Olivia Baes: Our professors also encouraged us to follow our interests. Daniel Medin, for example, found out that I’d had Catalan as a language as a kid, so he introduced me to this great Catalan author called Mercè Rodoreda. Now that I live in Catalonia and have relearned Catalan, she’s one of my favorite authors. Being steeped in the culture is so important to my life.

Emma: What AUP fosters is really special. It attracts people who want to be in the spaces that exist between cultures and languages. The framework we used in class taught us to play with language in new ways; it even challenged us to reconsider what we thought language was.

What made you want to work on translating Duras together?

Emma: The desire to do so was born very early in our friendship. We’d both come into the master’s program having grown up reading Duras.

Olivia: We identified with the intensity and obsession that runs through her work. There’s something about the way she tells stories through her female characters that made us discover new things about ourselves. We both wanted to inhabit her writing as much as we could.

Emma: Not only did we have similar tastes, but it became increasingly clear we had similar translation philosophies too, due to how often we aligned on things in class. I discovered a story by Duras that had never been translated before called L’été 80, or Summer 80. I asked Olivia if she wanted to work on it together after we finished our program. It turned into a collection of Duras’s works called Me & Other Writing. It was an intense project! But after it was published, we started work on The Easy Life almost immediately because we wanted to keep collaborating.

Olivia: My co-translations with Emma are some of the most formative work I’ve ever done. We each had a powerful connection to the author, but the process of co-translation also led to this beautiful connection between us. Our little love triangle with Marguerite Duras!

What makes co-translation different?

Emma: Co-translation requires a level of mutual understanding and a willingness to negotiate. You have to believe that negotiating will make the translation stronger than if you had done it alone. It requires letting go of some of the authority you might have had over the text.
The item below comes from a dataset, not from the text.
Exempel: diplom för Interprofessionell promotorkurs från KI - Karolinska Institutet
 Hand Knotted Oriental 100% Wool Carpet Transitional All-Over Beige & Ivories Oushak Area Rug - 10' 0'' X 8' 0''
Olivia: It helps that we prioritize the same things in our translations, such as Duras’s use of rhythm.

Emma: Our approach has always been to split the text in half and then switch and edit each other’s translations. Then we have a series of arguments over video call! We’re able to have those disagreements in a playful way, because we know we have the same voice for Duras in our heads. I have a lot of faith in and admiration for my co-translator.

Olivia: When you translate alone, you’re not going into the same depth. At the end of the day, what I love about creative work is being able to discuss it with someone who takes it as seriously as I do. Emma and I have such challenging conversations about a single word or comma! We’re behind the scenes of French and English, and it’s so exciting to breathe in that passion for language together.

Emma and Olivia hope to collaborate on further Duras translations in the future, but in the meantime are pursuing solo work. Emma’s forthcoming translations include My Husband by Maud Ventura and My Great Arab Melancholy by Lamia Ziadé, while Olivia is developing a feature film, Sirena, with Barcelona-based production company 15L Films, as well as curating her late father’s photography archive.